高放射線耐性と超低消費電力を両立させたFPGAを開発:日本電気/産業技術総合研究所
(2017年3月7日発表)
日本電気(株)(NEC)と産業技術総合研究所(産総研)は3月7日、高い放射線能耐性と超低消費電力を両立するFPGA(ユーザが論理機能を自由に設定できる理論LSI(大規模集積回路))を開発したと発表した。宇宙でのLSI利用に向け、優れた放射線耐性を持つNEC独自の技術(金属原子移動型スイッチ技術、NanoBridge(R))技術を用いたもので、この研究開発には産総研などが推進するオープンイノベーション拠点(TIA)の施設が活用された。
現在のFPGAでは、人工衛星などの宇宙環境で利用の際、放射線の影響で書き込まれた情報が変化し、誤動作する心配があった。今回用いた新技術は従来のFPGA消費電力効率を10倍向上するとともに、優れた放射線耐性を備えている。NECはこの技術を生かして宇宙航空研究開発機構(JAXA)と共同で、地上で過酷な放射線環境下での動作実証試験を行った。

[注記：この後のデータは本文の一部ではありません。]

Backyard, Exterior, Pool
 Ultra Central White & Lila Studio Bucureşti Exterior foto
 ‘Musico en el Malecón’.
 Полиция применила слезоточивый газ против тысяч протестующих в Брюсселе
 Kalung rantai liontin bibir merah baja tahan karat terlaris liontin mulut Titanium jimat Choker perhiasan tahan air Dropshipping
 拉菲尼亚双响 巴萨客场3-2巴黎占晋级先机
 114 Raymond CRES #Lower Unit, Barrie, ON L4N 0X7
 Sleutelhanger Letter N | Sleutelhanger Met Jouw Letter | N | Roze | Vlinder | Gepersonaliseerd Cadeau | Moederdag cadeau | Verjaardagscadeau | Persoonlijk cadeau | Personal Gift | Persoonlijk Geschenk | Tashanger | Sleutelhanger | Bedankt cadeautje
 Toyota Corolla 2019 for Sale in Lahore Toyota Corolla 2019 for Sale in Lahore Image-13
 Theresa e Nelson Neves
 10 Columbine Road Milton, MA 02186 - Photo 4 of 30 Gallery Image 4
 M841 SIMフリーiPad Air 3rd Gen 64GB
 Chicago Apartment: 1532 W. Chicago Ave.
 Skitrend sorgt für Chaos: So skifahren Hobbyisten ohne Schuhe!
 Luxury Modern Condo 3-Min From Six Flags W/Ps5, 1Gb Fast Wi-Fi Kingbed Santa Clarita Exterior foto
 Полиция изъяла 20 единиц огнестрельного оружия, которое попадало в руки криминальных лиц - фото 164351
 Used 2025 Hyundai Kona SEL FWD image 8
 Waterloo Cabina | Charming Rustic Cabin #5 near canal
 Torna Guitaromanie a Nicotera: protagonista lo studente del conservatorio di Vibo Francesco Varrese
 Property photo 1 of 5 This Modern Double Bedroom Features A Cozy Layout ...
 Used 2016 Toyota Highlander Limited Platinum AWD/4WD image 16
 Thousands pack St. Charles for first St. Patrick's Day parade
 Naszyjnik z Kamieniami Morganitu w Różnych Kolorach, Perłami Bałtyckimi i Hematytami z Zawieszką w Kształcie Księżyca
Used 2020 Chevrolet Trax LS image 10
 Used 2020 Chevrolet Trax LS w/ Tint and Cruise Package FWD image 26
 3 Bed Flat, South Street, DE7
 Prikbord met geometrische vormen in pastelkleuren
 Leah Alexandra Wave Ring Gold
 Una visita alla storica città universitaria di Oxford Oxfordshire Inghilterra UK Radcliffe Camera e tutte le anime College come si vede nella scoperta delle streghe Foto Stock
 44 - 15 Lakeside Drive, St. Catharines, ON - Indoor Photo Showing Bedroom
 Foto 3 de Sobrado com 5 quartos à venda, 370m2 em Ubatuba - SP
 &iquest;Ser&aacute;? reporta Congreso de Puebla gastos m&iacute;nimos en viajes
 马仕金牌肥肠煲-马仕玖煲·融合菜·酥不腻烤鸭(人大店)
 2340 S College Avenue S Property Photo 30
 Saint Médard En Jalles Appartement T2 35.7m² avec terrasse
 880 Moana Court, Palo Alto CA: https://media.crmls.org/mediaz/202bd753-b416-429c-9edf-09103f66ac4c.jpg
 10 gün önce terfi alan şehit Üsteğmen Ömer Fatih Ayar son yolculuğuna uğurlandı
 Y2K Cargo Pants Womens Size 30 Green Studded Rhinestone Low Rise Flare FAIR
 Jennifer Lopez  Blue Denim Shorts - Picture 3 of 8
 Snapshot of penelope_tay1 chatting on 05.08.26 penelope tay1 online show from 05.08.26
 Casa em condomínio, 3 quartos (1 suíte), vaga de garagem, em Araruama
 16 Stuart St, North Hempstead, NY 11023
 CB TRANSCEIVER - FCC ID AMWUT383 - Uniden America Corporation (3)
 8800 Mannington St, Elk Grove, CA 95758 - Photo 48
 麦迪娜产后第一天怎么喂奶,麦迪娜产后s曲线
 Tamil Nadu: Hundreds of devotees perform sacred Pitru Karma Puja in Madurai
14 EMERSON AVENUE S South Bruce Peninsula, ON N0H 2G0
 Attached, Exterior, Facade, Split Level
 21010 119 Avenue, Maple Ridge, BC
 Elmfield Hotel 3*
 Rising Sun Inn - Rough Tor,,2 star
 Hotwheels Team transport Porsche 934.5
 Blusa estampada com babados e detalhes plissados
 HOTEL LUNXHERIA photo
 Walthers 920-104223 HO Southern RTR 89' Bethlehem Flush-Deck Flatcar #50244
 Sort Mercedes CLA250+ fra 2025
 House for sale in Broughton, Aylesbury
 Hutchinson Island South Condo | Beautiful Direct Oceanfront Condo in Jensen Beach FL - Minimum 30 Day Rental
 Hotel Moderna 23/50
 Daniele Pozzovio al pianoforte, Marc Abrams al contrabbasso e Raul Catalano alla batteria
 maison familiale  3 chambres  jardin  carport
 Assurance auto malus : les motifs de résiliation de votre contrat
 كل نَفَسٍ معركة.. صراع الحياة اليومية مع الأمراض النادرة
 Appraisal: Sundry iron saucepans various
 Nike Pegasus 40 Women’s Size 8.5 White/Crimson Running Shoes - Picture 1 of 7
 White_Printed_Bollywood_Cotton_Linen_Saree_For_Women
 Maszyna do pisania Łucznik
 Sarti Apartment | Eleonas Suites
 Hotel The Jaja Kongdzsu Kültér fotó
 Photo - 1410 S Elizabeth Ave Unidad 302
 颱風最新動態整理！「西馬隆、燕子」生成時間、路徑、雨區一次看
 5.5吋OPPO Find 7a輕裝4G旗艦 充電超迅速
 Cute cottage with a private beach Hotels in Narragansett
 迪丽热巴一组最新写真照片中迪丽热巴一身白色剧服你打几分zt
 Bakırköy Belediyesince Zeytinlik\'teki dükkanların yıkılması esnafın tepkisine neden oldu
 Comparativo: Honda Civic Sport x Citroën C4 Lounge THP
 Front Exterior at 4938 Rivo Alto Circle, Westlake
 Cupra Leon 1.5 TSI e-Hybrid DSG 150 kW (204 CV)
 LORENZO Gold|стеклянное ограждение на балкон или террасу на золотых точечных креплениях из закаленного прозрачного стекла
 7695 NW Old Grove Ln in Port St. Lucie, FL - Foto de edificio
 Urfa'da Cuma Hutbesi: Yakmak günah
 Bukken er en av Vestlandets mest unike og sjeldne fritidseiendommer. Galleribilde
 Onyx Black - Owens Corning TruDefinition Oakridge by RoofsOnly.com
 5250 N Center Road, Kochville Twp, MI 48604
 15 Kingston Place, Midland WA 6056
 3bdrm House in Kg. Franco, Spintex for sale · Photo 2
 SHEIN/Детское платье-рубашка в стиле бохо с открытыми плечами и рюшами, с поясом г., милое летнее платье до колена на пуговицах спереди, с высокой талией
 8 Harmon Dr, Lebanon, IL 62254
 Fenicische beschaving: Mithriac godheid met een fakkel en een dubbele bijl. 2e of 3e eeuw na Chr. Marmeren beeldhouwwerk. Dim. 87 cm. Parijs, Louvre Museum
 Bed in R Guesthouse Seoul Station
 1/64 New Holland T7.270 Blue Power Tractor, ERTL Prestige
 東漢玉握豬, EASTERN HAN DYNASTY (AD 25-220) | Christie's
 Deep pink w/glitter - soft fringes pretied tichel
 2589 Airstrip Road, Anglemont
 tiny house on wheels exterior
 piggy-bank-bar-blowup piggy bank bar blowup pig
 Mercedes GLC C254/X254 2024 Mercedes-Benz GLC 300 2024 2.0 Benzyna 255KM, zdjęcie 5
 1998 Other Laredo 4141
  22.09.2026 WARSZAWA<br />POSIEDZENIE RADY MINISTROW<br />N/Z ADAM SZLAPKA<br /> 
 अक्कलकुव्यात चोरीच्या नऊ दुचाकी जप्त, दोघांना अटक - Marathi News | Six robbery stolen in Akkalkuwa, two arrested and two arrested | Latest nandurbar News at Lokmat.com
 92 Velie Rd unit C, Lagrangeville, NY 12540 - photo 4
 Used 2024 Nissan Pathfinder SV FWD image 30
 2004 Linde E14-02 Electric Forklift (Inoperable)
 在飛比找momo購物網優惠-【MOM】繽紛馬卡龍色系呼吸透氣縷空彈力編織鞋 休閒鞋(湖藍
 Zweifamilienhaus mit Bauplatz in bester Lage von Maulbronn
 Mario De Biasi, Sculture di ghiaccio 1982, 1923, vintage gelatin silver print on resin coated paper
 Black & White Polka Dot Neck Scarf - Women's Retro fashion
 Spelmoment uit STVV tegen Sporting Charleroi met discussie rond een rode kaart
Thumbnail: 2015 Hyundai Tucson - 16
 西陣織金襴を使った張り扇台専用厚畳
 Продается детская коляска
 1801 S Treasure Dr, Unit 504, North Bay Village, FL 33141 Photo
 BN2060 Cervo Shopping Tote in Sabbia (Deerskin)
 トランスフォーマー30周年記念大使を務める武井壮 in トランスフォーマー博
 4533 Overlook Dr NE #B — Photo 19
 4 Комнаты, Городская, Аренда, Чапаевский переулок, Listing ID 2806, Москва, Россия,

その結果、装置のオン・オフが放射線照射の前後で変わらないことを確認。これにより、NECは通常のFPGAと比べて放射線によるエラー発生頻度を100分の1以下にできると予測しており、高放射線耐性と超低消費電力を両立するLSIの実現が可能としている。NECと宇宙航空研究開発機構(JAXA)は平成30年度に打ち上げる革新的衛星技術実証1号機に今回の新技術を生かしたカメラ画像圧縮処理送信装置を搭載、実用性と信頼性を検証する計画である。